Image à la Une : affiche d’annonce de la 18ème Conférence sur la Planète Mars en Europe (crédit Mars Society Switzerland, graphisme Trax-L)

Le télescope Planck nous approche de l’origine de l’Univers autant que le permettent les rayonnements électromagnétiques

Vers quelque direction que l’on orienterait nos télescopes, en supposant qu’ils soient suffisamment puissants pour collecter les rayonnements électromagnétiques émis il y a plus de 13,799 milliard d’années-lumière, nous ne pourrions « regarder » plus loin dans l’espace ou avant dans le passé car la surface dite de « dernière-diffusion » (les photons interagissant immédiatement avec les électrons encore « libres ») constitue un mur infranchissable à l’observation utilisant ces rayonnements. En effet, avant d’arriver au volume correspondant à cette surface (quelques dizaines de millions d’années-lumière de diamètre), dilaté par l’inflation puis l’expansion, l’Univers né du Big-bang 380.000 ans auparavant, ne pouvait émettre aucune radiation électromagnétique (c’était un « corps-noir » parfait), sa densité étant jusque-là trop élevée. C’est alors seulement, l’expansion continuant à réduire la densité, qu’apparaît la « première lumière » résultant de la libération des photons de la matière (les protons disposant alors de suffisamment d’espace pour prendre le contrôle des électrons). Théorisée par George Gamow dans les années 1940, découverte fortuitement par Arno Penzias et Robert Wilson en 1965, on a nommé cette surface le « Fond-diffus-cosmologique », en Anglais « Cosmic Microwave Background » ou communément « CMB », et c’est ce CMB qui a constitué le premier objet d’étude du télescope Planck.

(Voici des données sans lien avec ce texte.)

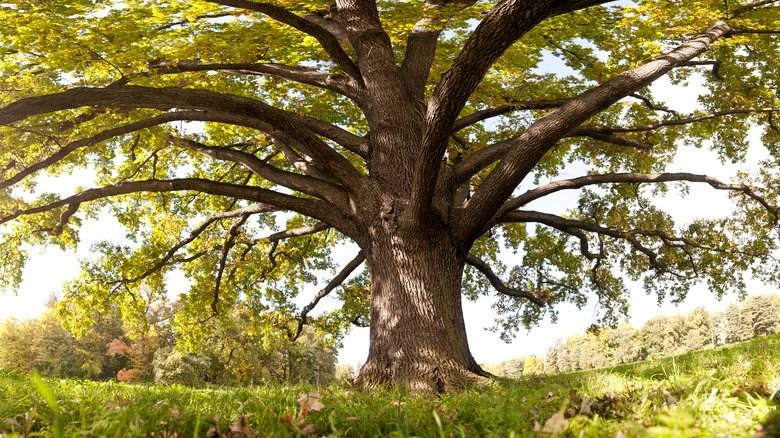 The Stunning Companion Plant That Will Thrive Under Your Oak Tree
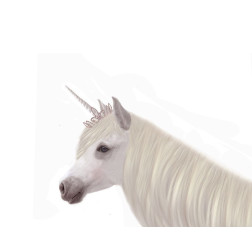 Pretty Unicorn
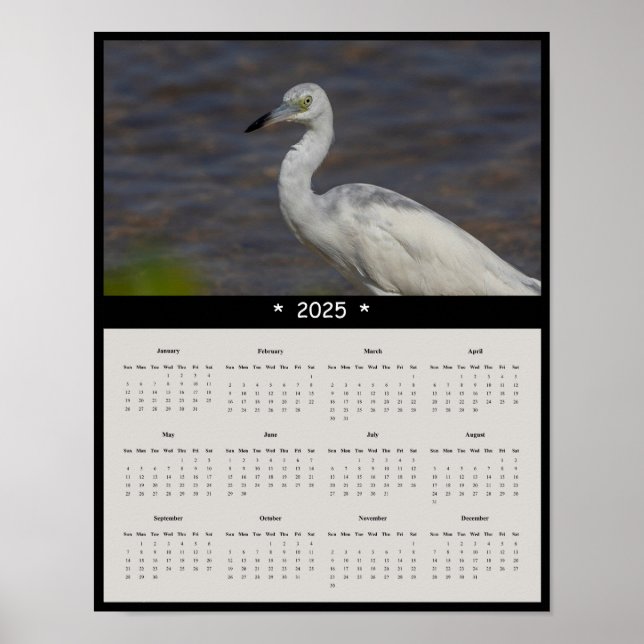 Poster du calendrier du mur de Heron 2025 immature (Devant)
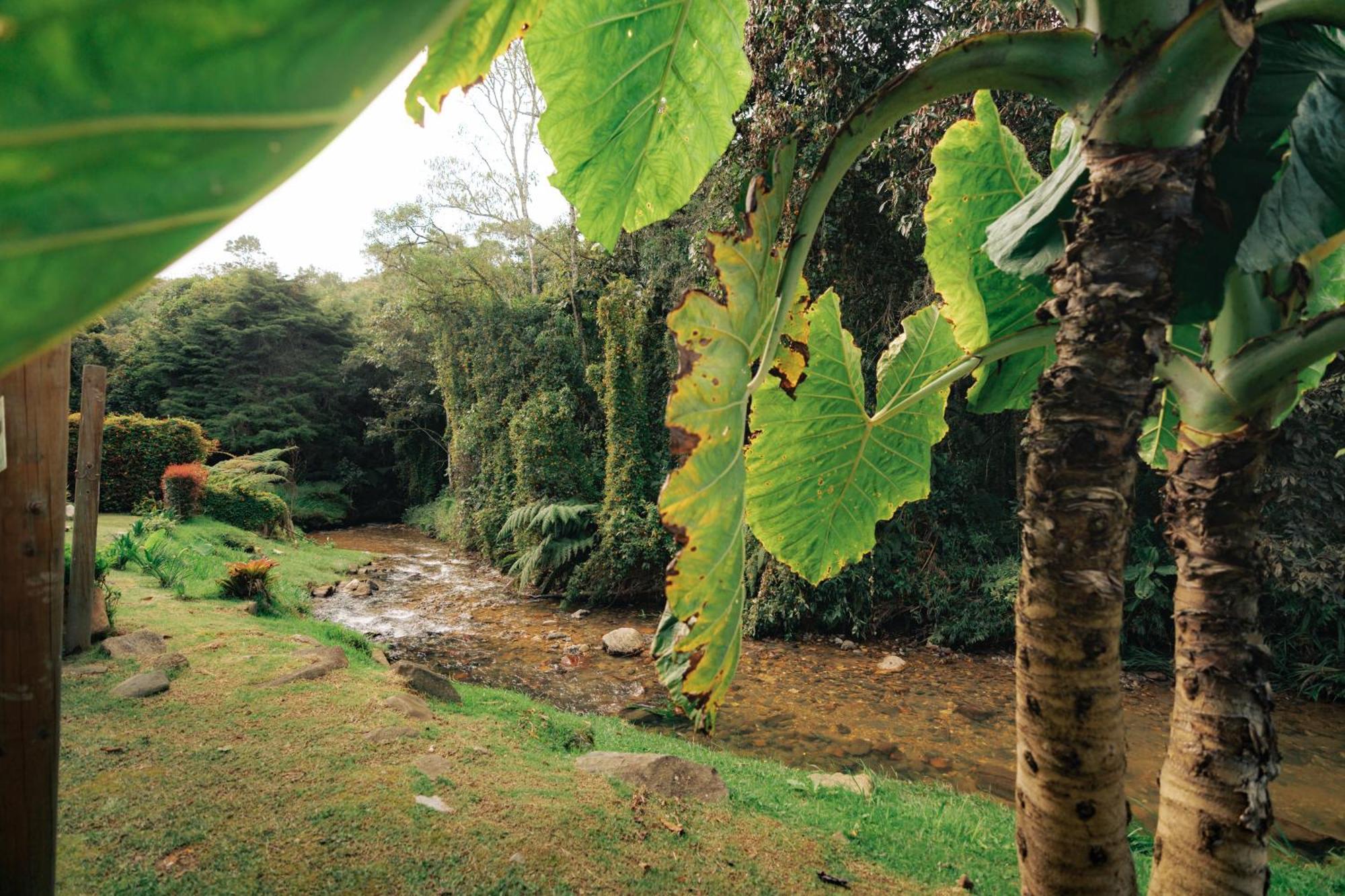 Hotel Bubblesky Glamping 15 Min From Medellin Rionegro Exterior foto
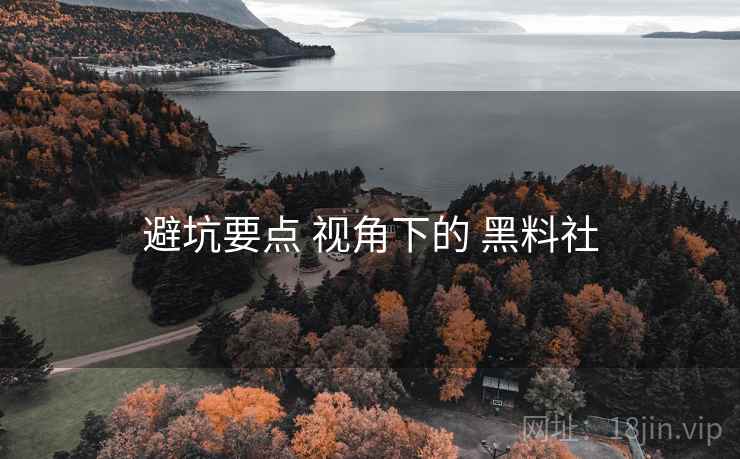 避坑要点 视角下的 黑料社  第1张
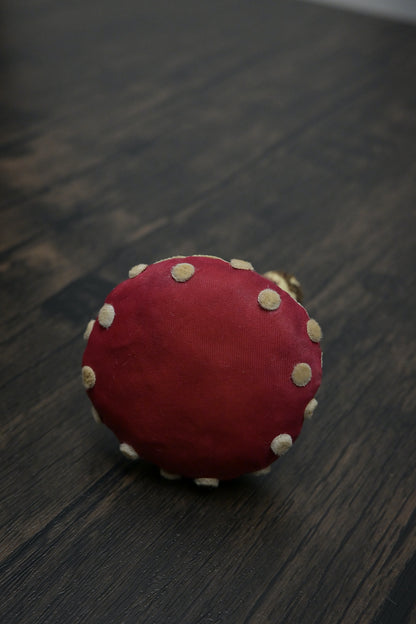 毒蠅傘｜紅色大毒菇｜心口針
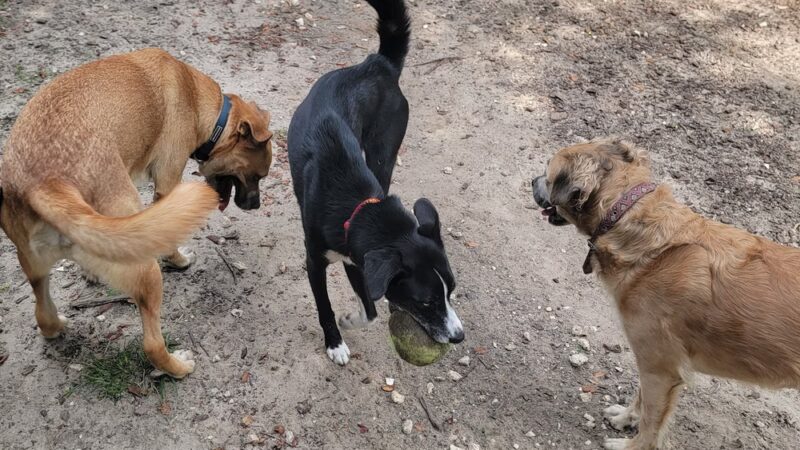 Hampton Park Dog Run - Charleston, SC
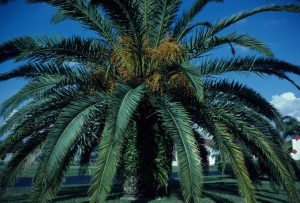 arecaceae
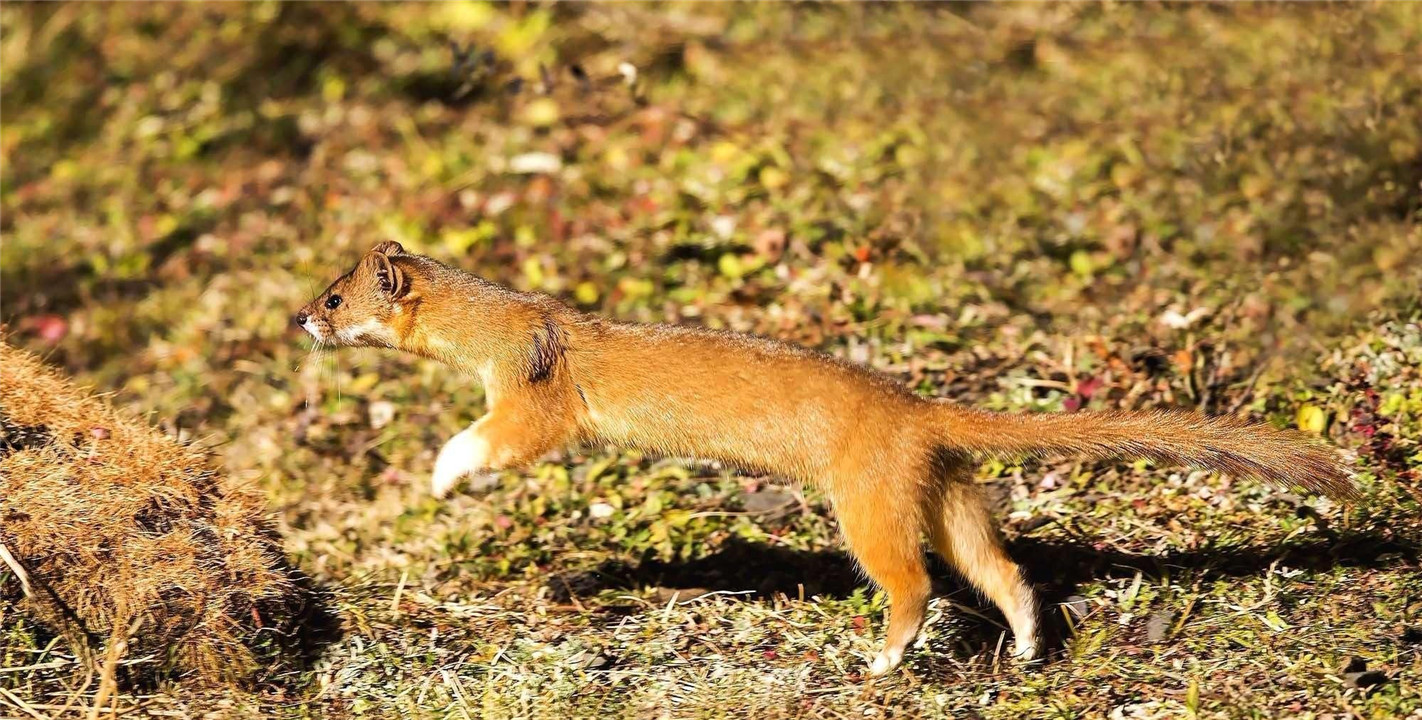 黄鼠狼全身是宝为何无人敢养殖,黄鼠狼浑身都是宝为何无人养殖
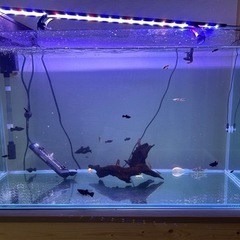 熱帯魚30匹ほど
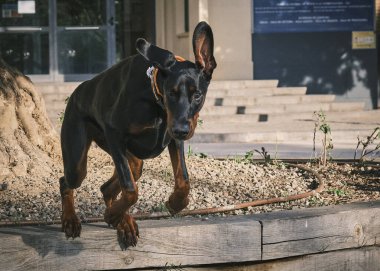 Doberman bir köpek yavrusunun portresi..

Si en Anglais on parle de « micro-ondes », c’est que le pic d’émission du CMB se situe, aujourd’hui, dans la bande du spectre électromagnétique, qui se trouve dans la zone des micro-ondes, entre le rayonnement infrarouge-lointain et les ondes-radio. Si on a estimé qu’il provient de l’origine de l’Univers c’est qu’il est « isentropique » c’est-à-dire qu’il ne dépend pas d’un astre, d’une galaxie ou d’un système de galaxies mais qu’il est partout à peu près égal avec en moyenne une température de 2,725 K, une longueur d’onde de 3 mm, un pic de fréquence à 100 GHz, avec quelques irrégularités que l’on appelle « anisotropies », qui sont de très faibles différences de température selon la direction des micro-ondes (de l’ordre de 1/10000 par rapport à la moyenne). Ces différences de température témoignent de différences de densité de la matière, sur lesquelles ensuite a joué la pesanteur (la force gravitationnelle). Elles témoignent de ce qui s’est passé « avant », lorsque les photons n’avaient pu encore échapper à la matière et elles annoncent ce qui va se passer « après » (formation des diverses concentrations de matière de notre Univers). L’objectif du télescope Planck était donc de dresser une carte aussi précise que possible de ces inhomogénéités et d’en déduire des indications sur la structure et l’évolution de l’Univers. NB : le CMB est un rayonnement dit « fossile » car sa source, l’événement qui l’a créé, remonte à 13,799 milliards d’années. Il était à l’origine beaucoup plus chaud (3000 K) et se situait dans le proche infrarouge. C’est le passage du Temps et la dilatation de l’Univers avec l’accroissement constant de la vitesse de fuite, qui a étiré de plus en plus les longueurs d’onde (effet Doppler).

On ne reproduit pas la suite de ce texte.